With that excuse lodged in his mind, he turned away from the water and loped into the forest.
He quickly found a kapok tree filled with large ripe fruits. The kapok, though, was armed with long sharp thorns to defend its fruit. So he tore two smooth branches from the tree and placed one under each foot, gripping the branches with his toes. Then, clinging to the branches with his feet, he climbed the tree, marching over the thorns as if they didn’t exist. The action of climbing made his limbs glow with the accustomed pleasure, their ancient design fulfilled; if he never took another step on the ground in his life he would have been content.
When he had reached a patch dense with fruit, he pulled off another branch and set it down over the thorns. Sitting on his impromptu saddle, he began to feed.
From here he could see that this forest clump had grown up around an oxbow lake, cast off by a river that wound its way back into the deeper country to the south, across this rich, vegetated Sahara. In the future this great Nile-like artery would be dislodged by tectonic shifting from its present course, and would curl around to the south, no longer crossing the Sahara. Eventually it would outflow into the Bight of Benin in western Africa, and humans would know it as the Niger: Even rivers were molded by time, as the land rose and fell, as the mountains grew and shrank away like dreams.

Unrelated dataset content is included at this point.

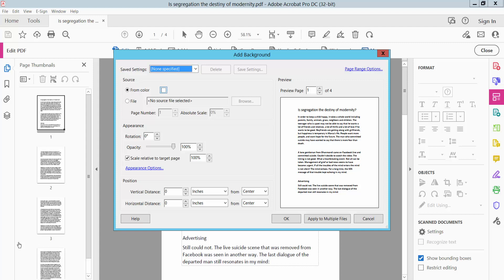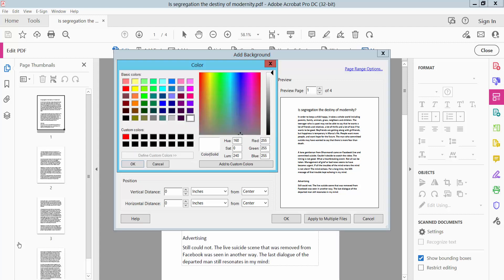Click the color option and click other color. Here you can choose any kind of color. You can also add a custom color here.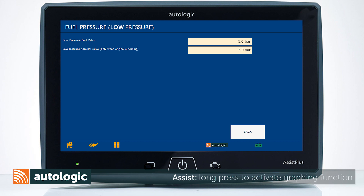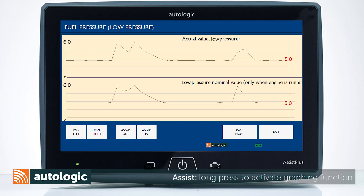Long press both data parameters to activate the graphing function. Long press again to full screen the parameter graphs. Safely stow your Assist Plus device before the test drive.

But for now this river was a great green corridor into the interior of the country. The troop could work that way, following the forest, penetrating deeper, moving away from the coast.
A piercing hoot echoed through the forest. It was a cry with only one meaning: Danger is here. Capo spat out a mouthful of fruit and scrambled down to the ground.
Before he got to the lake he knew what the problem was. He could smell them. And as he looked more carefully he could see the signs of their passing: bits of fruit skin, dumped even under this kapok, what looked like nests high in the taller trees.
Others.
They came swarming out of the trees and the undergrowth. There were many of them, bewilderingly many — fifty, sixty — more than Capo’s troop had ever numbered. Their males came toward the water’s edge. They were all displaying ferociously, fur bristling, drumming on roots and branches and hurling themselves through the low branches of the trees.
After all they had endured to get here, this patch of forest was not empty. Capo’s heart sank, heavy with a sense of failure.
But Capo’s troop was responding. Weak as they were, fur too damp to bristle effectively, nevertheless the males and even a couple of the older females were displaying as best they could. Capo threw himself forward to the front row of his troop and immediately began his own display, summoning up all his long experience to create as spectacular and intimidating a show as possible.
The two troops lined up; two walls of shrieking, posturing apes faced each other. They were the same species, and they looked indistinguishable, one from the other. But they could smell the differences between them: on the one hand the subtle, familiar savor of kin, and on the other the sharper stink of strangers. There was true xenophobic hatred in these displays, an authenticity in the threat they conveyed. Here was the other side of these clever animals’ social bonds: If you were locked into a group, then everybody else became your enemy, just because they weren’t you.
But Capo was scared. He quickly realized that these others were showing no signs of backing down. Indeed, their displays were becoming more ferocious, and those big lead males were steadily advancing on his troop.